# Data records
───
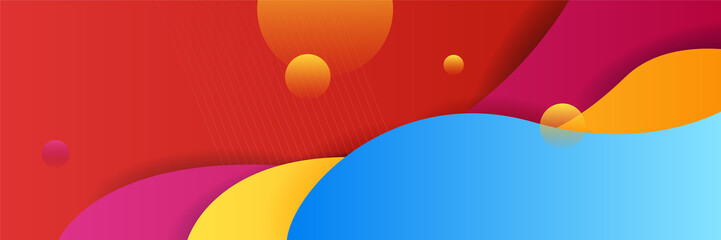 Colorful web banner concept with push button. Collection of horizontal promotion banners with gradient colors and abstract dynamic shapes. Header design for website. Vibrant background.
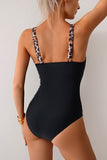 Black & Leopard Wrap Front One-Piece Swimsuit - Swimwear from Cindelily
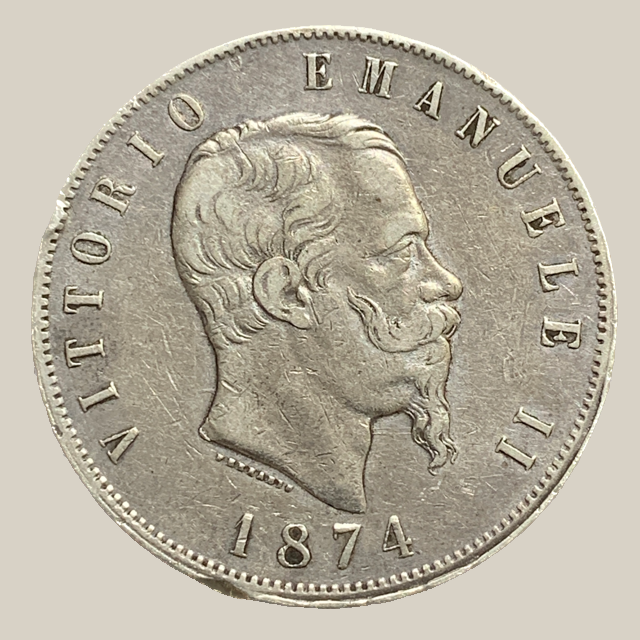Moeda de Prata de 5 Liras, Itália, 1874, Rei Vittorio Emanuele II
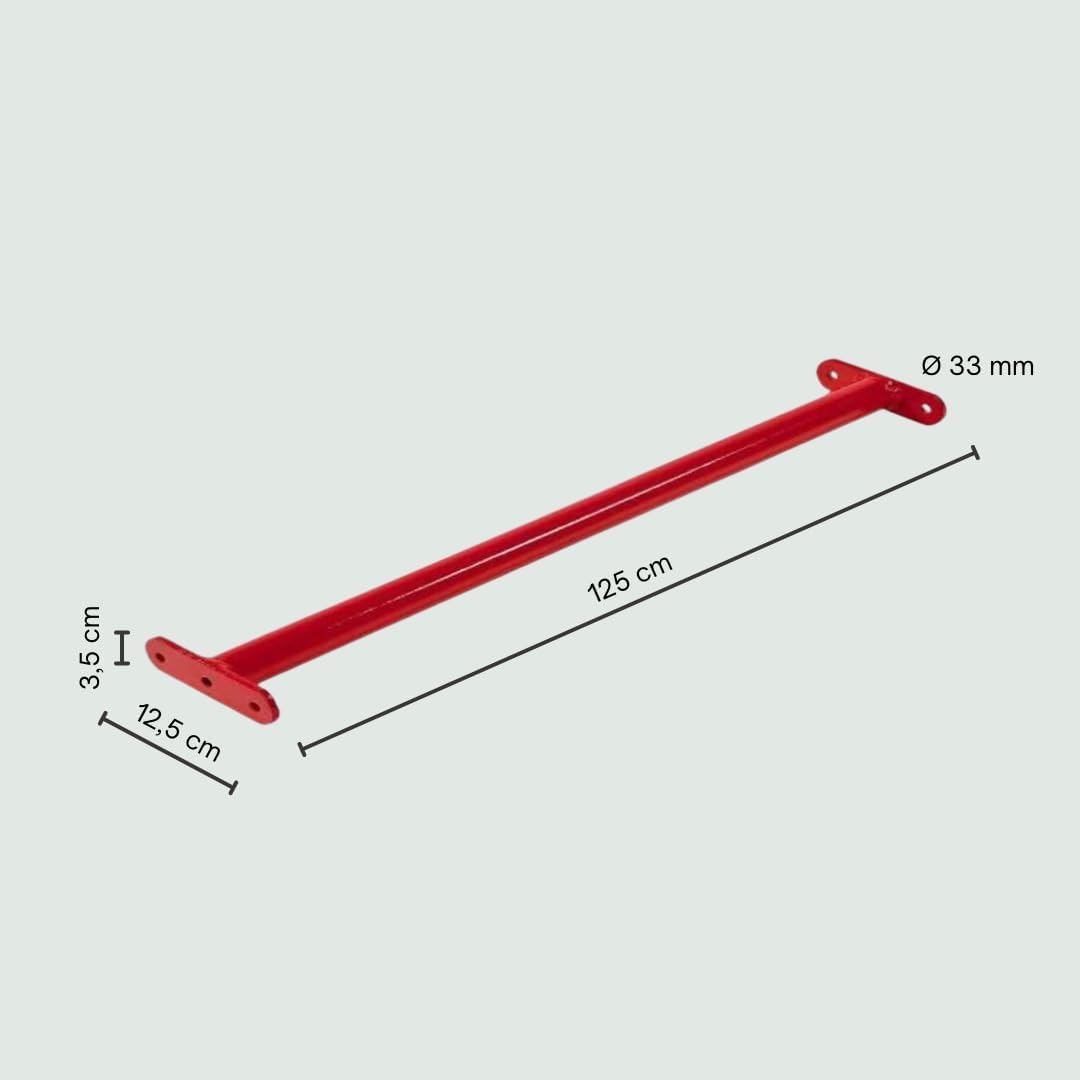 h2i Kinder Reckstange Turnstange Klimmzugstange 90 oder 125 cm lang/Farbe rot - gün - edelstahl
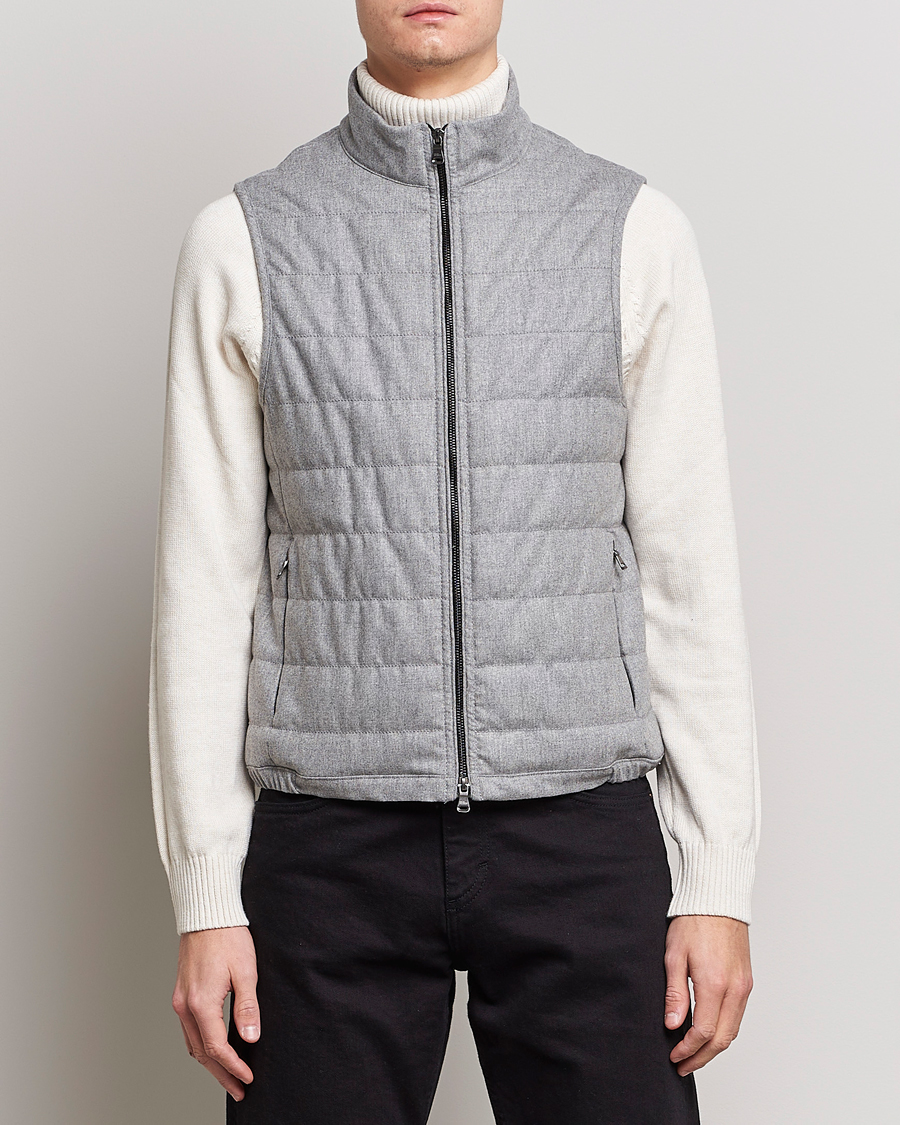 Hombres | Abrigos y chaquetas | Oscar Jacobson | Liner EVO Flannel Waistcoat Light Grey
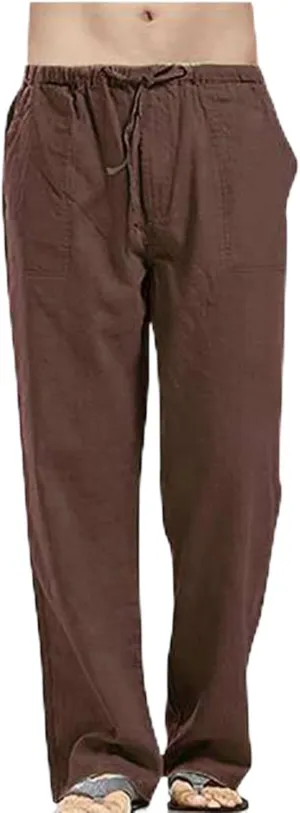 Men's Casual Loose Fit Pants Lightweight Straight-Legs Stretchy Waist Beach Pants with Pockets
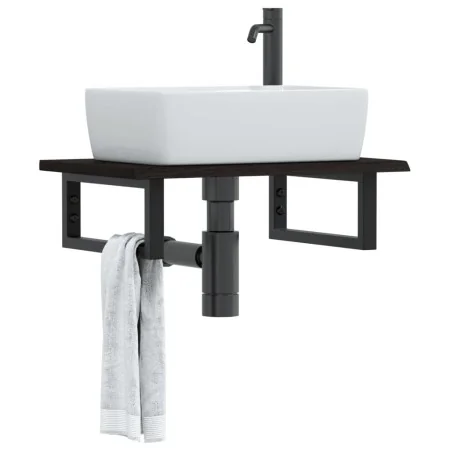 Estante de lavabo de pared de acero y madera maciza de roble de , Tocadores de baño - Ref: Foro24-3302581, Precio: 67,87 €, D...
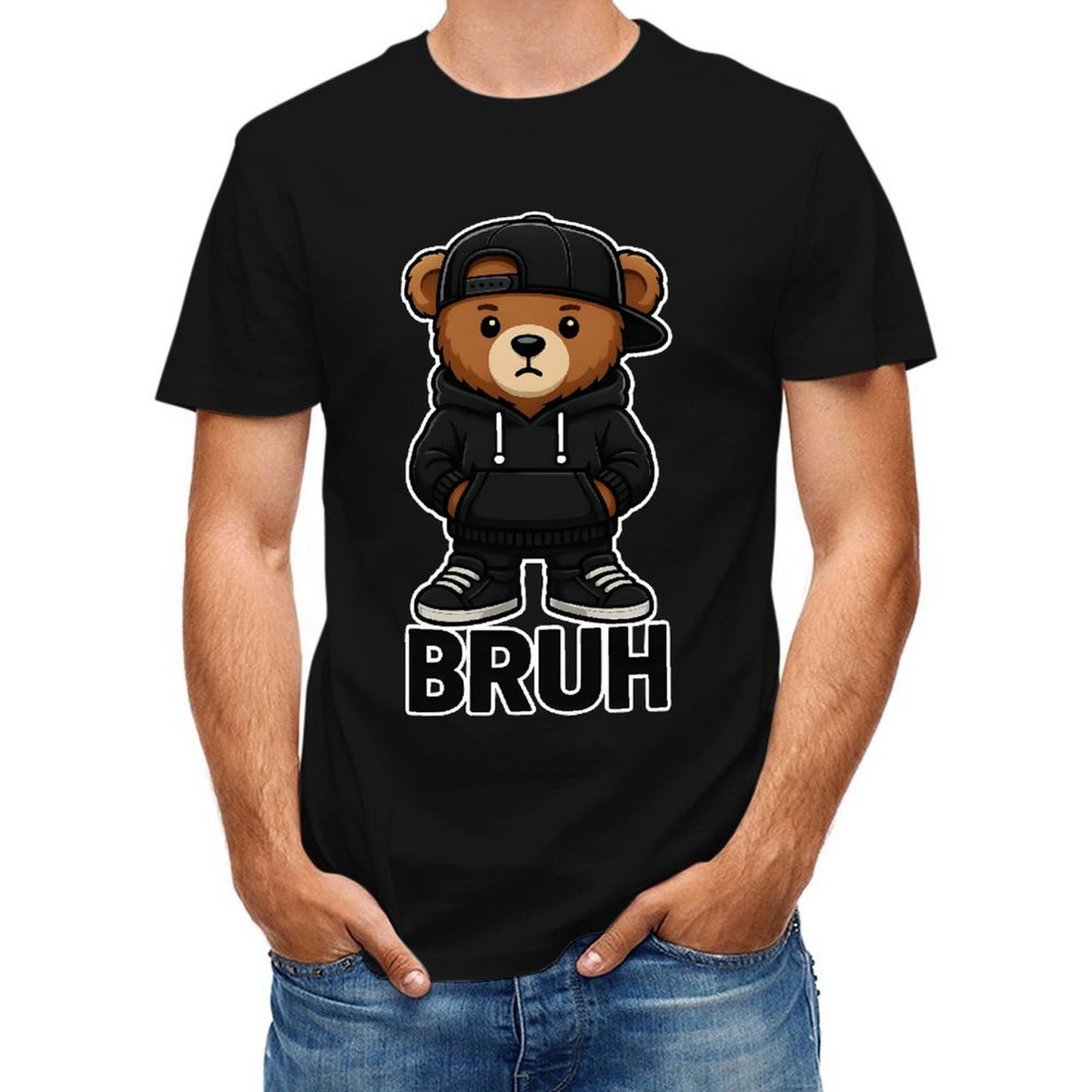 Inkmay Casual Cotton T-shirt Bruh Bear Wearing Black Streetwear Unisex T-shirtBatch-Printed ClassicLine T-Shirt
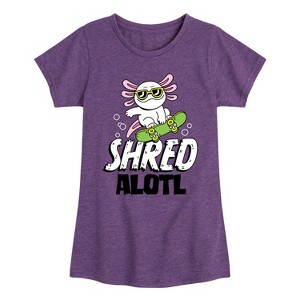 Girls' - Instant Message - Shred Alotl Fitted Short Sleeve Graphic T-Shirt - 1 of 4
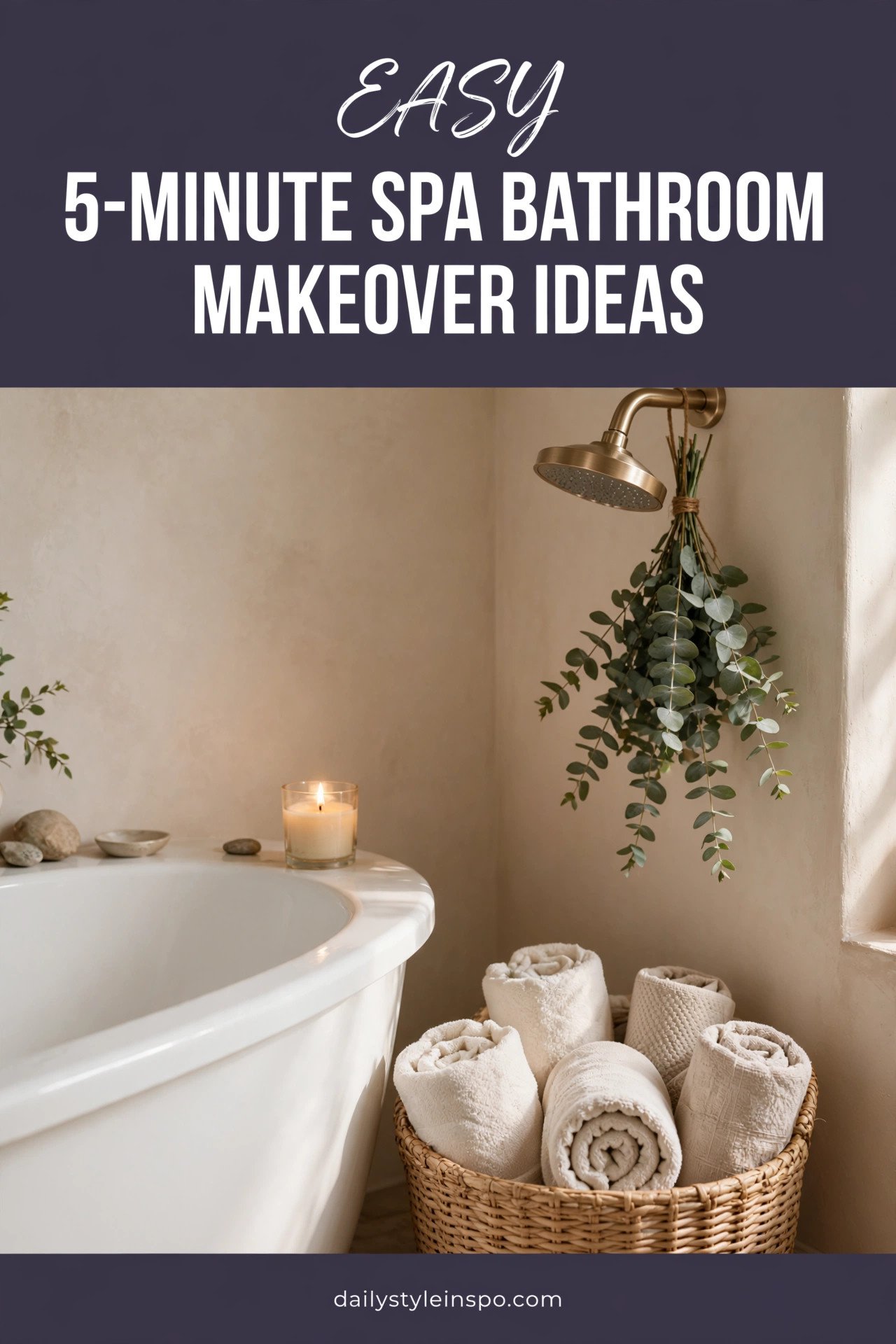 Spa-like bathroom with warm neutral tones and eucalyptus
───
Once the line containing "Black & Leopard" is found, transcribe it and every line after it to the end of the records, exactly and with no pictures.

# ANSWER SPACE
 Black & Leopard Wrap Front One-Piece Swimsuit - Swimwear from Cindelily
Moeda de Prata de 5 Liras, Itália, 1874, Rei Vittorio Emanuele II
 h2i Kinder Reckstange Turnstange Klimmzugstange 90 oder 125 cm lang/Farbe rot - gün - edelstahl
 Hombres | Abrigos y chaquetas | Oscar Jacobson | Liner EVO Flannel Waistcoat Light Grey
 Men's Casual Loose Fit Pants Lightweight Straight-Legs Stretchy Waist Beach Pants with Pockets
 Estante de lavabo de pared de acero y madera maciza de roble de , Tocadores de baño - Ref: Foro24-3302581, Precio: 67,87 €, D...
 Inkmay Casual Cotton T-shirt Bruh Bear Wearing Black Streetwear Unisex T-shirtBatch-Printed ClassicLine T-Shirt
 Girls' - Instant Message - Shred Alotl Fitted Short Sleeve Graphic T-Shirt - 1 of 4
 Spa-like bathroom with warm neutral tones and eucalyptus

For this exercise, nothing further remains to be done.